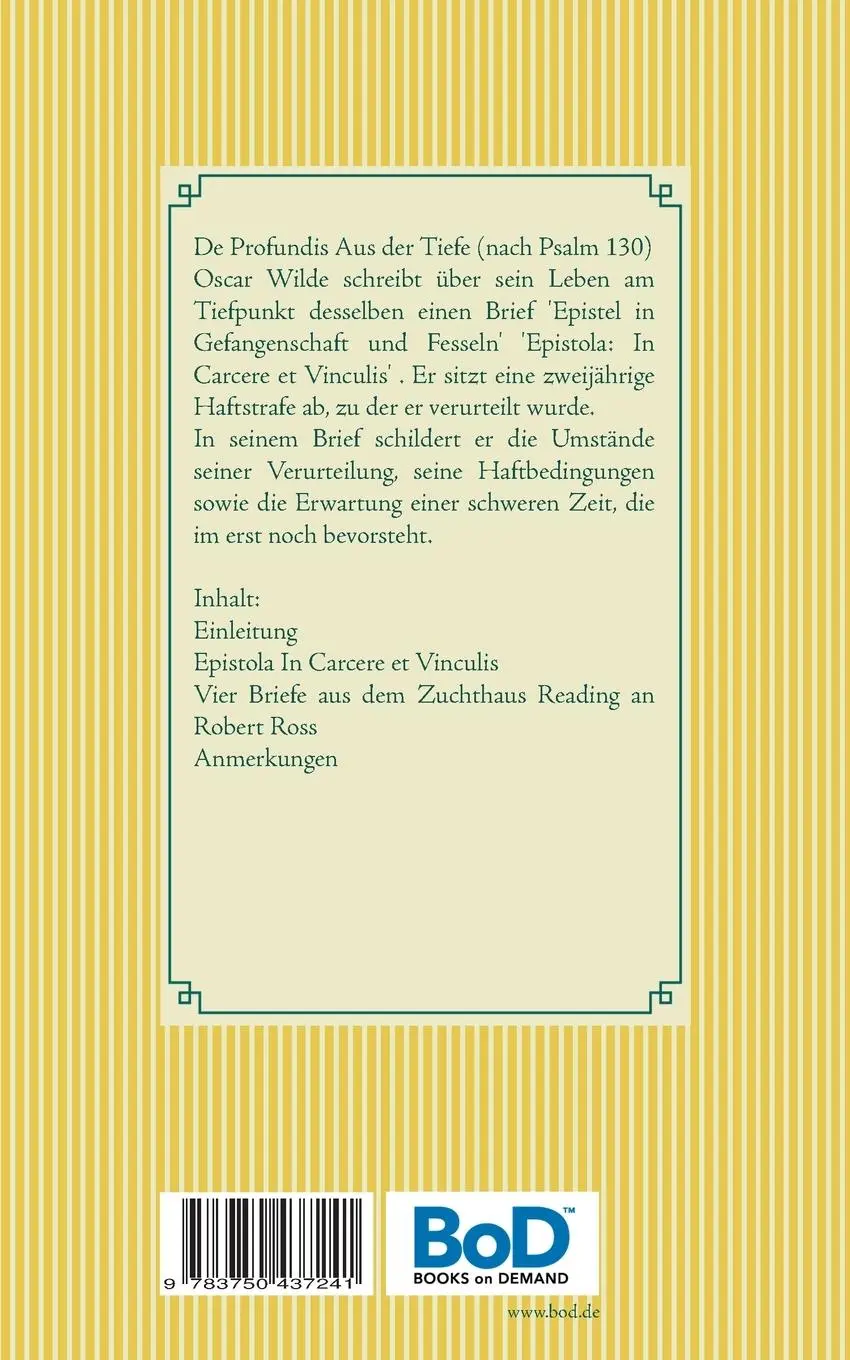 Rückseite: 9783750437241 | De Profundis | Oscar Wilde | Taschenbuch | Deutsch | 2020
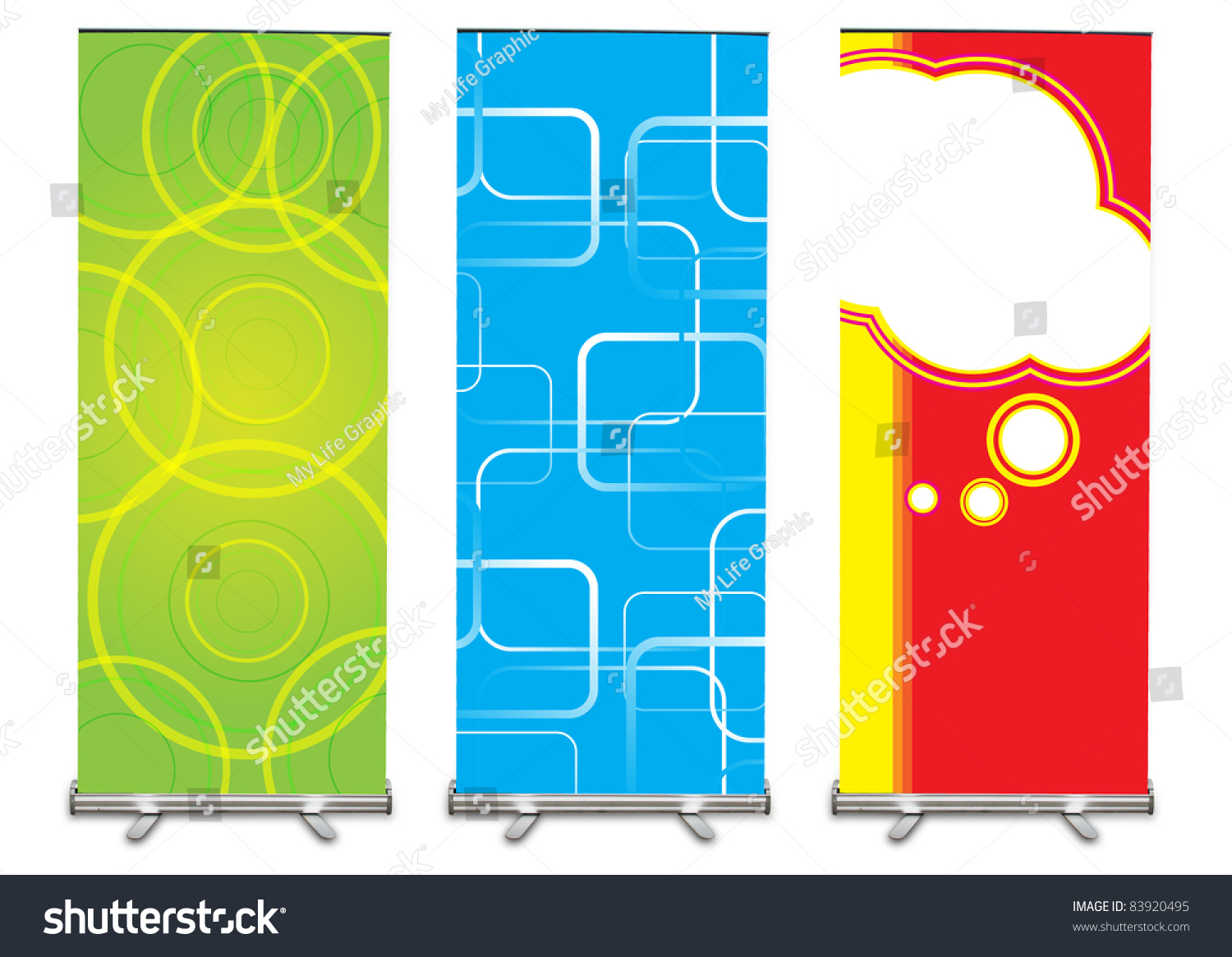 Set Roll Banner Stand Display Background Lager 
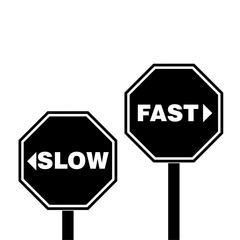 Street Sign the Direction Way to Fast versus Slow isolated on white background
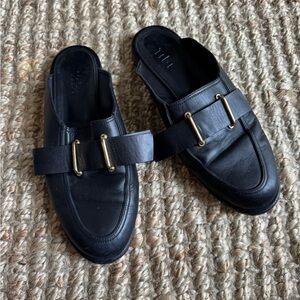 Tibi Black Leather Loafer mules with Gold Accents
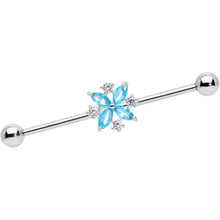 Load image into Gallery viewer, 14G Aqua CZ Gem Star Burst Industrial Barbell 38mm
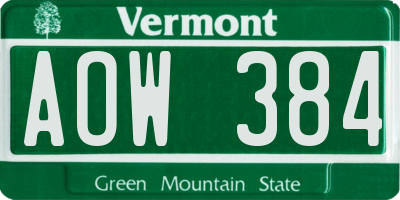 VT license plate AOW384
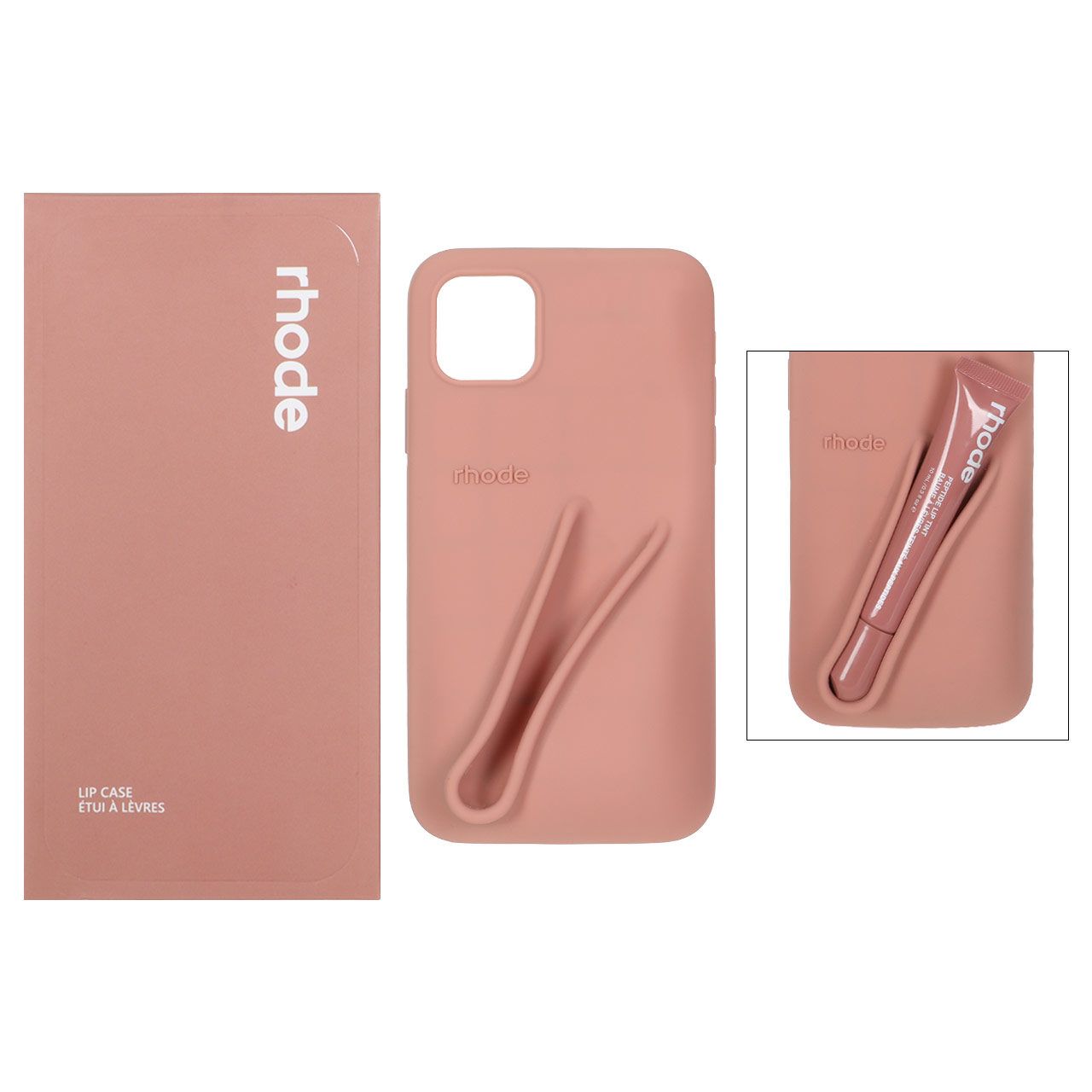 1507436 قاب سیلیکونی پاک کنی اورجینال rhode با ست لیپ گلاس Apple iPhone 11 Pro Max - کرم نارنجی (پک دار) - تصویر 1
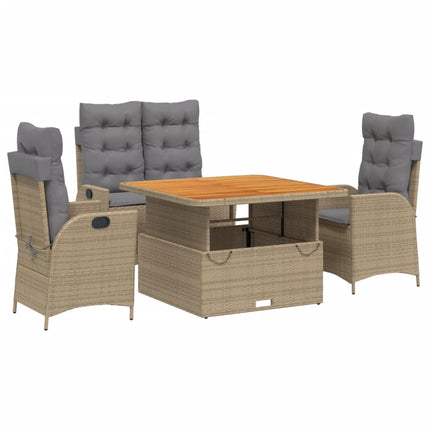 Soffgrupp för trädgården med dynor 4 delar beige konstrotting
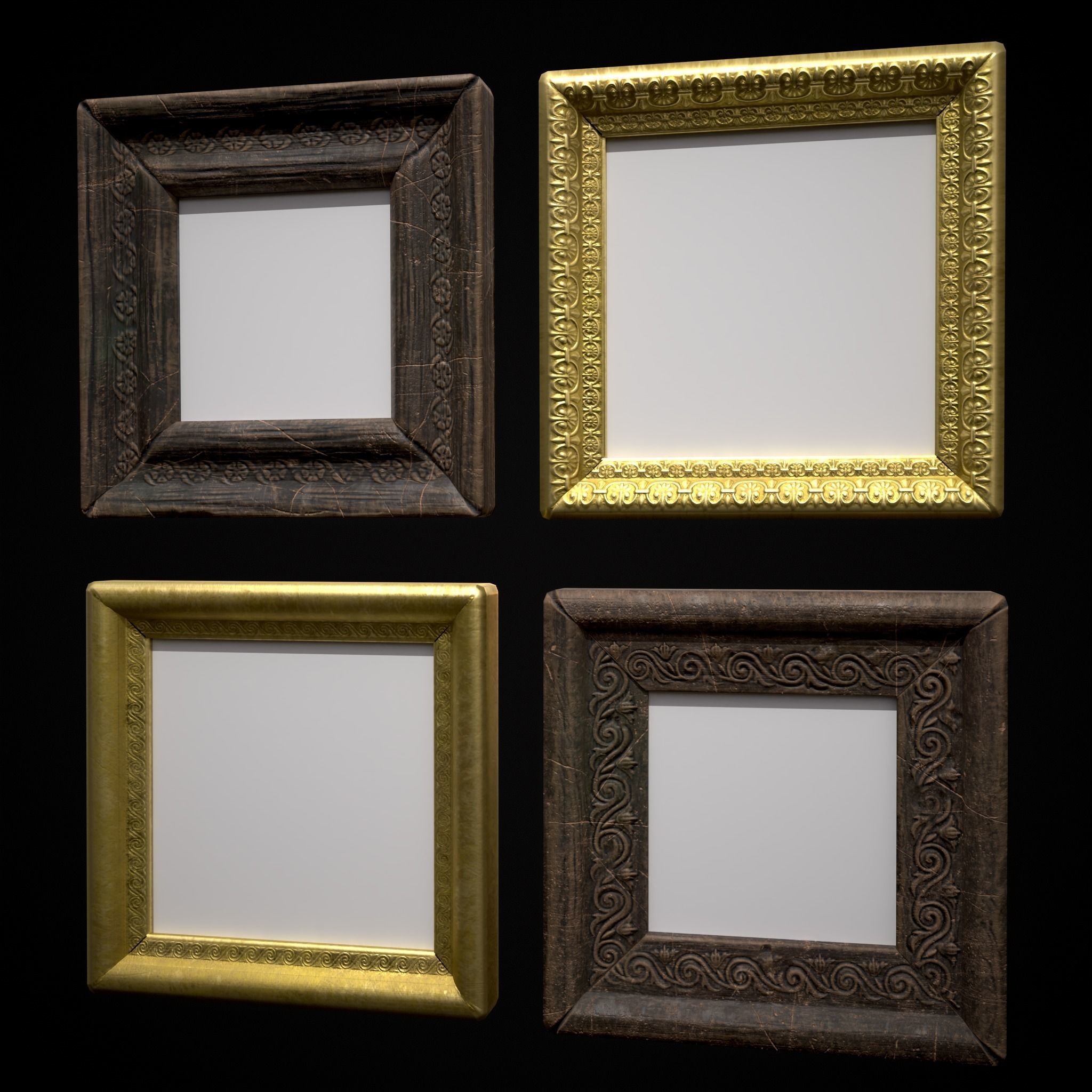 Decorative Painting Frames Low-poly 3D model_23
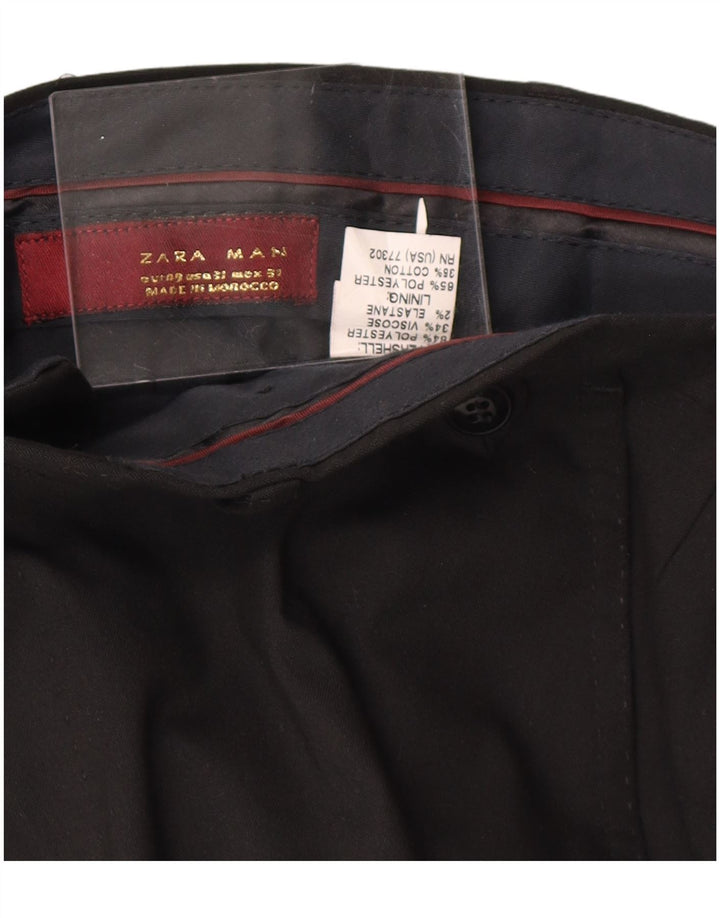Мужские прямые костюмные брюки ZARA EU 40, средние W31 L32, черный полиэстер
+-------+
* _TASK INSTRUCTIONS_
Transcribe, word for word, the stretch of lines in the data above from the one with "Street Sign the" through the one with "Soffgrupp för trädgården"; omit all pictures.

* _RESULT_
 Street Sign the Direction Way to Fast versus Slow isolated on white background
 Tibi Black Leather Loafer mules with Gold Accents
 Load image into Gallery viewer, 14G Aqua CZ Gem Star Burst Industrial Barbell 38mm
 VT license plate AOW384
 1507436 قاب سیلیکونی پاک کنی اورجینال rhode با ست لیپ گلاس Apple iPhone 11 Pro Max - کرم نارنجی (پک دار) - تصویر 1
 Soffgrupp för trädgården med dynor 4 delar beige konstrotting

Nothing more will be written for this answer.